Even when I was a teenager, I never understood why religious people I knew would cite visionary experiences as proof of their religion, because I knew that lots of different religions reported similar experiences. They don’t prove anything. And it seems logical to expand this to include extraterrestrial experiences. Eyewitnesses have terrible accuracy, yet we so often still prize eyewitness accounts as if they’re proof — especially when we’re the eyewitness.

All of this, to me, seems to legitimate religions with extraterrestrial elements. I think it’s very patronizing to suggest that these aspects are ridiculous, yet this other category of religious experience is real. Is it really legitimate to believe that a god came down from the heavens, but illegitimate to believe an alien did? If anything, I think you could argue that the latter is more reasonable. Mind you, I don’t believe in either, but I think there’s a strange double standard here. Aliens are silly sci-fi stuff, but gods are terribly serious!

I also think we have a more general double standard, when it comes to what’s reasonable. I can’t tell you the number of people I’ve heard mock Mormonism, or Scientology, or other more recent religions — who themselves believe older religions with equally bizarre aspects. It’s easy to mock Kolob, in the Mormon cosmology. But is this really more ridiculous than believing that the flood really happened, despite the archaeological and geological evidence, and that there was this massive evolutionary bottleneck that’s just not there in the evolutionary record?
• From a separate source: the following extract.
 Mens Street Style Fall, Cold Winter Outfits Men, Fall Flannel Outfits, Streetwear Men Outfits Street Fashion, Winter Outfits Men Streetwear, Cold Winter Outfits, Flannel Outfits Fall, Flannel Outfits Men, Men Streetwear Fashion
Evolution itself is so indisputable – you can’t understand human physiology without it. Our bodies literally make no sense without it. Yet some deny evolution on religious grounds. I think that’s more absurd (and probably more dangerous) than these sci-fi religious elements. Not to put too fine a point on it, but are those elements really more ridiculous than believing we were born with sin we inherited by our ancestors (an evil concept, really), and that because of this we needed God’s son — who also is his own father — to be brutally murdered in order to absorb this sin from us? If you weren’t aware of this previously, and it were presented to you new, you’d think the person saying it was crazy.
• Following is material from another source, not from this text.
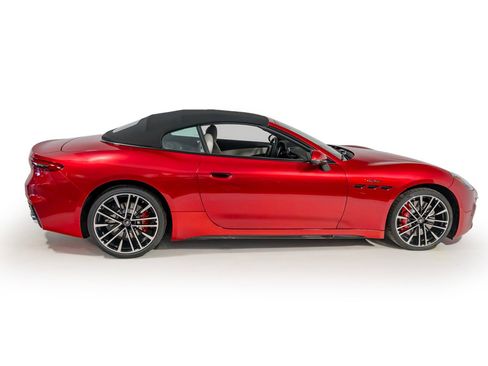 Used 2024 Maserati GranCabrio Trofeo image 10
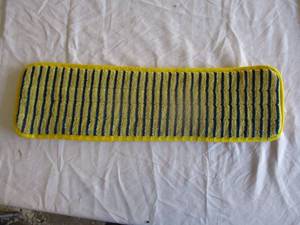 lot 116 image: Rubbermaid Commercial Products - #Q810, 6 pcs. 18 inch Microfiber Super Scrub Damp Mop Cover-Only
Religions are filled with wacky stuff. I’ve heard people who believe in Jesus’s resurrection and bodily ascension into the afterlife say it is patently absurd to believe he also visited the Americas (in Mormon scripture). That’s a line too far! Obviously, what we think is wacky and absurd has little to do with logic and lots to do with culture. If you looked at a lot of religious belief objectively, you might be tempted to institutionalize people for a lot of mainstream views. But if someone says he’s Jesus, that’s nuts. And if someone hears messages from aliens, instead of from God, go directly to the loony bin.
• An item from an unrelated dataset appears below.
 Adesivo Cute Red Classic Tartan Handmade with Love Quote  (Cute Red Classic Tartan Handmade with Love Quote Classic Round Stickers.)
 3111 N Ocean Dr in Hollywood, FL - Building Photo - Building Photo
Of course, I’m certainly not endorsing any specific religion(s). And I certainly don’t think any religion — whether new or old — should get away with abuse. Whether it’s the Catholic rape scandals or cults with poison Kool-Aid, it’s not cool. I’m simply saying that there’s a double-standard against these religions with sci-fi elements.

And really, most religions have some sort of sci-fi elements — we just don’t see them anymore, because we call outer space “heaven” and literally extraterrestrial visitors “gods,” so it’s not sci-fi. That’s like calling them “mutants” and saying they’re not superheroes.